Two parents working full-time for minimum wage and raising two children are on average £138 per week short of what they need for a basic living standard, according to research. The Child Poverty Action Group (CPAG) said its annual “cost of a child” calculations estimated that, for the first time since the research started in 2008, all family types on low and modest incomes are unable to meet their costs or reach what would be seen as a minimum acceptable living standard.
Its 2024 estimates suggest the two-parent working families raising two children can meet only 82% of their costs, compared to the same type of family earning enough to cover 93% of costs in 2008. Single parents in full-time work for the minimum wage are estimated to be around £192 short each week, meeting only 69% of the family’s costs, the organisation said.
CPAG said the calculations show the impact of rising costs and real-terms social security cuts. It added that the combination of the two-child limit which restricts child tax credit and universal credit to the first two children in most households – as well as gaps in help with childcare costs have led to “huge income shortfalls for working families with more than two children”.
The research estimated that a lone parent in 2024 on the minimum wage with three children can only cover 61% of the family’s costs, while a working couple with three children can meet only 70% of costs.
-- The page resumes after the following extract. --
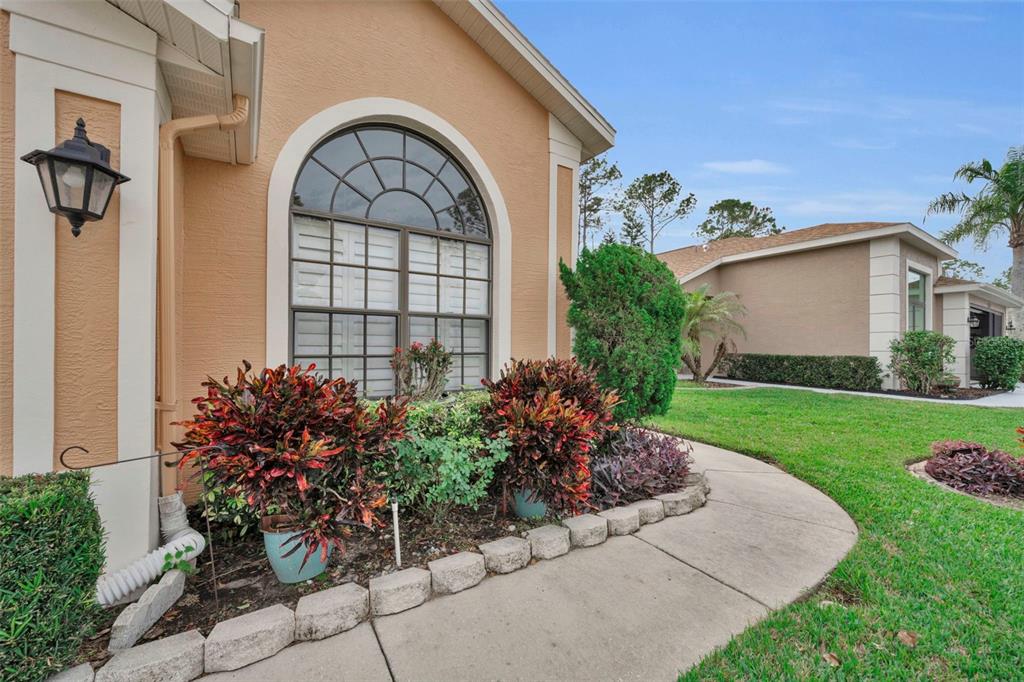 9630 Green Needle Drive New Port Richey, FL 34655 - Photo 6 of 83 a front view of a house with garden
The report, produced for CPAG by Loughborough University’s Centre for Research in Social Policy, estimated that raising a child from birth to 18 costs £260,000 for couples and £290,000 for lone parents.
Dr Juliet Stone, from Loughborough University, said her calculations showed “parents living on low incomes are increasingly unable to provide their families with a decent standard of living, even if they are in full-time work”. She added: “The findings add further evidence of the need for urgent policy reform – including removing the two-child limit – to ensure that all children can grow up in households with enough income to allow them to live with dignity.”
CPAG chief executive Alison Garnham said: “The PM can see that families are struggling against the tide but a reset will need action, not just words. “Investment in children through the social security system is guaranteed to improve living standards for kids and would be a vital down-payment on the future of the country.
“Families need to feel improvements, and a crucial place to start is with scrapping the two-child limit.”
A Government spokesperson said they are developing “an ambitious strategy which will explore all possible levers to reduce child poverty and give children the best start in life”.
They added that their immediate support in the meantime for families on the lowest incomes includes “providing £1 billion in cost-of-living support through the Household Support Fund, increasing the National Living Wage to £12.21 an hour, uprating benefits and saving 700,000 of the poorest households with children up to £420 on their Universal Credit deductions by introducing a Fair Repayment Rate”.